The writing is excellent, though presented quite differently from most popular science books. Magueijo is brash, sometimes cursing to get his points across, and I've read other reviewers balk at his treatment of such a noble field as cosmology. The cursing is not that bad, maybe a dozen instances in total.
I'd argue those readers missed one of João's main points of the book (other than to describe VSL and his journey toward it), that being his passionate disgust with the way the physics world has behaved and his belief that giving the system a big FU is both healthy and necessary.
I must say, that while I enjoy the delightful and professional presentations of other writers in the field, including Brian Greene, Carl Sagan, and Lee Smolin, this unique style was a very nice change of pace, and I very much appreciated João's honesty and clarity throughtout. This book is as much about Magueijo's impression of his own field as it is about VSL and cosmology, and in that light, his treatment was outstanding, unique, and very enjoyable to read. I've read few science authors capable of writing so clear and engaging in her/his non-native language.

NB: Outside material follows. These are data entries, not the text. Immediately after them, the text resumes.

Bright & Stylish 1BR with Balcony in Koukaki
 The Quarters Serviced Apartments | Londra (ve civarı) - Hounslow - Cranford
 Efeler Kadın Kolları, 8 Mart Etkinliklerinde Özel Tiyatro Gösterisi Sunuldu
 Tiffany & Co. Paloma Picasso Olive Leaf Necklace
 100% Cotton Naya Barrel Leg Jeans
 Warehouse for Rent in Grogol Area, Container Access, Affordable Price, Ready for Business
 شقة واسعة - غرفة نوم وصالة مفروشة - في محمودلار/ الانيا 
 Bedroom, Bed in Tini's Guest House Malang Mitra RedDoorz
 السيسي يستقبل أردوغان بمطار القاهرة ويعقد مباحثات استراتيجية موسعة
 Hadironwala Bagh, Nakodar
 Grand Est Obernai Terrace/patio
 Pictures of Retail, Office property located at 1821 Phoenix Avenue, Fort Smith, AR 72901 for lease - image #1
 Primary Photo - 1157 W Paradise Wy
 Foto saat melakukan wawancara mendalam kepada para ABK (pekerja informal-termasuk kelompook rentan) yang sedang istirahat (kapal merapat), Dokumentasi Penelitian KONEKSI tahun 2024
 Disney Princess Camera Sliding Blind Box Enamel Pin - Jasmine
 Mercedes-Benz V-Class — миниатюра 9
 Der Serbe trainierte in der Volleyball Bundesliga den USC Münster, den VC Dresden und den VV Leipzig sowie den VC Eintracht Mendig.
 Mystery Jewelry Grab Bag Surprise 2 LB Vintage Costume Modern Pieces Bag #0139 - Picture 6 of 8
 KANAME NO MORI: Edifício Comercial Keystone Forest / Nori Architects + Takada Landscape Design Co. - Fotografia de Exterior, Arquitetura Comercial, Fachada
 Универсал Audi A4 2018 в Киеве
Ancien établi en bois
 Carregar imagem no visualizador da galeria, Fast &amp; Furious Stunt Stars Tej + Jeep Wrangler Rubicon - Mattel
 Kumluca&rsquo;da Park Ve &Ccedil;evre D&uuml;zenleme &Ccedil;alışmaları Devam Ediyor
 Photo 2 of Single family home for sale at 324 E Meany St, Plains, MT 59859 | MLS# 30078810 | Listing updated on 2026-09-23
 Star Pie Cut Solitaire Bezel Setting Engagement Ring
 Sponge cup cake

While I have no idea whether Magueijo's VSL theory will stand up to experiment (he offers that even he has no idea if it can), João is convincing in his argument that allowing cosmology to settle comfortably into accepted but far-from-proven theories is flat out wrong. Inflation itself is simply accepted based on postdictions, the dominant theory has yet to be proven as correct despite the fact that it is presented as gospel by most everyone. Work on VSL and other alternative theories, even to the point of undermining long-standing and solidly placed theories such as special relativity (which some versions of VSL do undermine) is vital, Magueijo argues, to continue to break new ground and challenge the way cosmology views the universe.
Maguiejo provides an incredibly enjoyable and fascinating look at VSL theory and his own life. The science is strong but not technical, the personal stories are relevant and revealing, and few popular science books have attempted, let alone delivered, such a fun-to-read experience, delivered in this author's unique way. Maguiejo is passionate about his subject and every page drips with enthusiasm for his work. Five big stars, and very highly recommended to any popular science reader willing to open her/his mind to alternative ideas.